Directions: Set down exactly the lines running from the one with "Báo giá đóng" to the last line of the listing below, both included, and skip every picture.

Recorded data:
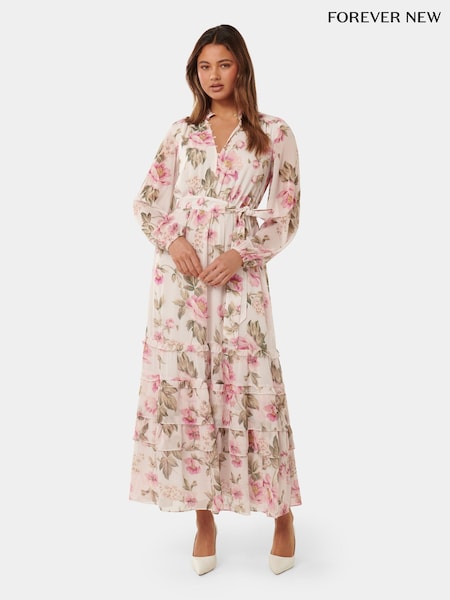 Forever New Pink Sonia Ruffle Midi Dress (B91965) | €70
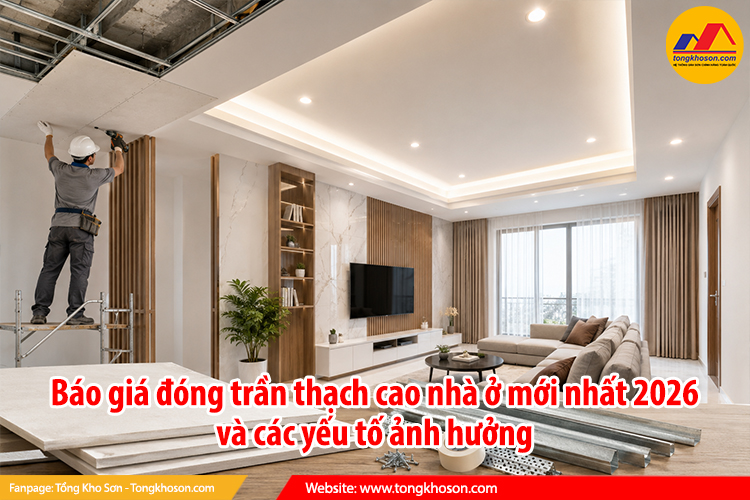 Báo giá đóng trần thạch cao nhà ở mới nhất 2026 và các yếu tố ảnh hưởng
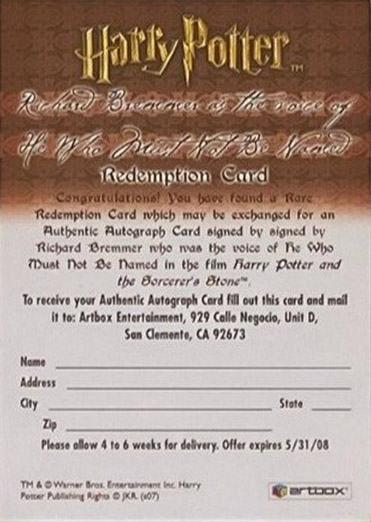 Redemption Card Reverse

Answer box:
 Báo giá đóng trần thạch cao nhà ở mới nhất 2026 và các yếu tố ảnh hưởng
 Redemption Card Reverse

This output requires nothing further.